▶ _EXERCISE GOAL_
For this exercise, write out the full listing that follows exactly and skip its pictures.

▶ _DATA EXTRACT_
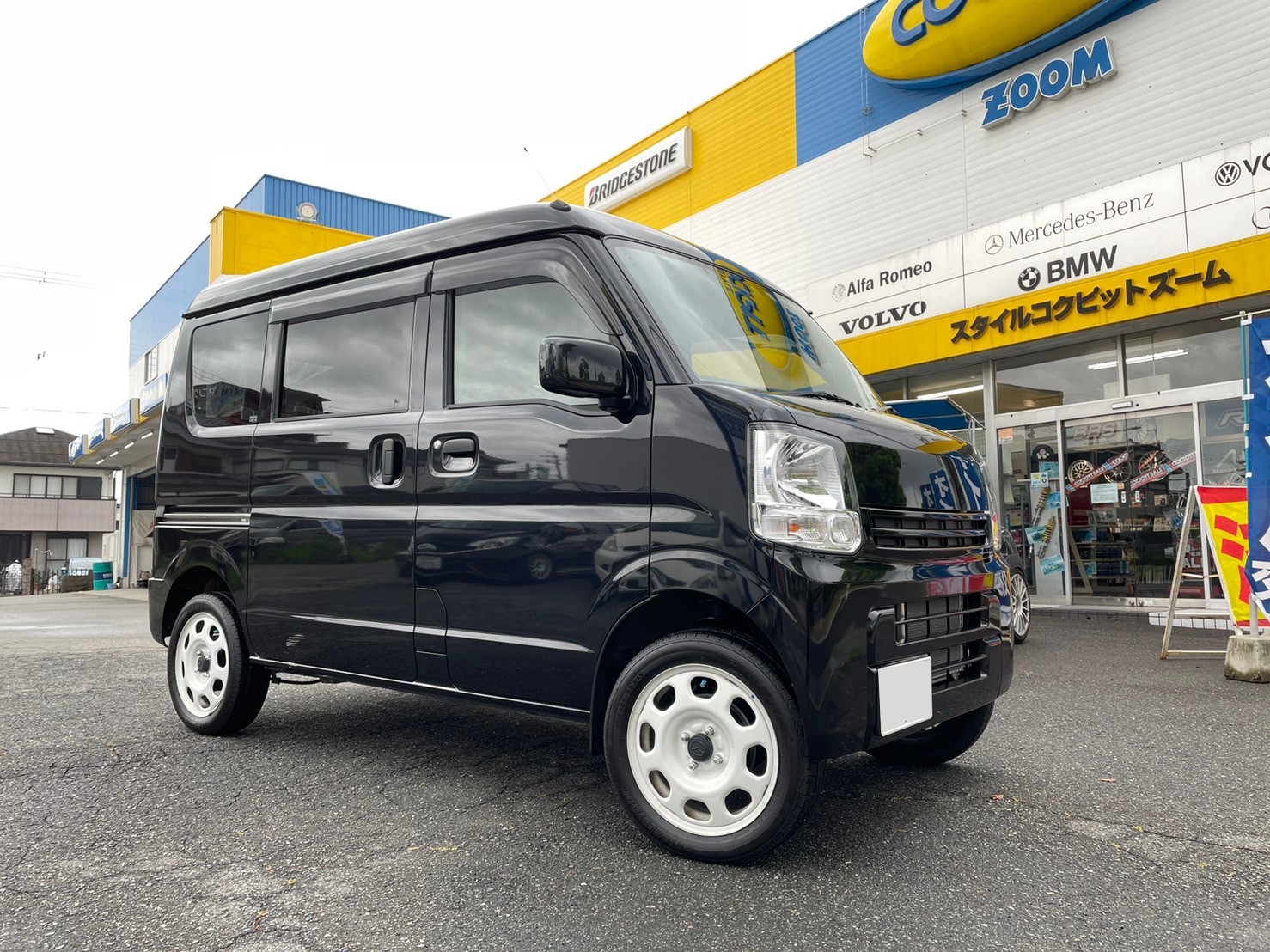初回限定 日産NV100クリッパーのフロントガタが締まる 強化フロント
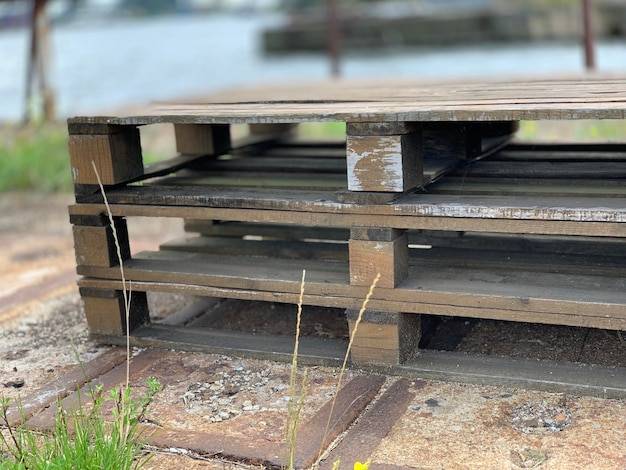 Jak zrobić ławkę z palet na balkon samodzielnie?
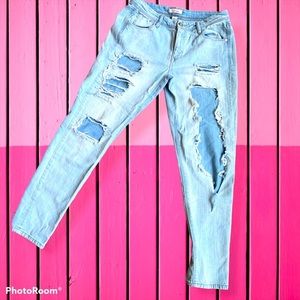 Woman's Super Distressed Refuge Jeans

▶ _SOLUTION TO THE PROBLEM_
初回限定 日産NV100クリッパーのフロントガタが締まる 強化フロント
 Jak zrobić ławkę z palet na balkon samodzielnie?
 Woman's Super Distressed Refuge Jeans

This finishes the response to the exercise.